> _Extracted material_

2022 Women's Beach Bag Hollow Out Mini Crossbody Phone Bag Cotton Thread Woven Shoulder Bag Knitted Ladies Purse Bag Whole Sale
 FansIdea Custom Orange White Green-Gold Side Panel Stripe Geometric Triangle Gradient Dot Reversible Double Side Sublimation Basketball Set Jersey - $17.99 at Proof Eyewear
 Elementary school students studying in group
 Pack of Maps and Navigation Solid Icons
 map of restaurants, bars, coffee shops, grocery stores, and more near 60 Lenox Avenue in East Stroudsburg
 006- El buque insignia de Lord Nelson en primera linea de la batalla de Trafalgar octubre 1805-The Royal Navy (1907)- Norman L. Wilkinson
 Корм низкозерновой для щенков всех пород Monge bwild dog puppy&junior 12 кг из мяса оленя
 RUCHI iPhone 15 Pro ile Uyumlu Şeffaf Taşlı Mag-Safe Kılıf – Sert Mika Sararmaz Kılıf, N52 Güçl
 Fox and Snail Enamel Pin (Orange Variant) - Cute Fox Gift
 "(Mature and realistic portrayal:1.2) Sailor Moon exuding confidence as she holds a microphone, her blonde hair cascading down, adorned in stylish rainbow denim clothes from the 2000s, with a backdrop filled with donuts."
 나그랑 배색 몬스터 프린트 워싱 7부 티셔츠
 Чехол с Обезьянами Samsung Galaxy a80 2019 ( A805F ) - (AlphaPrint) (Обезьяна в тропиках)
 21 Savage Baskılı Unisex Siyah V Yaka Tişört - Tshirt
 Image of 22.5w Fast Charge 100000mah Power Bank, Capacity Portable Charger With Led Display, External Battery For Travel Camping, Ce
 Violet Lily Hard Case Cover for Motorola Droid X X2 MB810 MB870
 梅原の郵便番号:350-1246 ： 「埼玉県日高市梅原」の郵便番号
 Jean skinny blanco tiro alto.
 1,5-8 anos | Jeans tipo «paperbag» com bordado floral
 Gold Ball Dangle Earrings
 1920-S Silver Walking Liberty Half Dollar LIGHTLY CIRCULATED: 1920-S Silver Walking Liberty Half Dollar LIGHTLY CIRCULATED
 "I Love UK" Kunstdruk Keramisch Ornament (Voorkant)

> _Exercise_
Which lines above hold the string "Orange"? Show each of them.

> _Task output_
 FansIdea Custom Orange White Green-Gold Side Panel Stripe Geometric Triangle Gradient Dot Reversible Double Side Sublimation Basketball Set Jersey - $17.99 at Proof Eyewear
 Fox and Snail Enamel Pin (Orange Variant) - Cute Fox Gift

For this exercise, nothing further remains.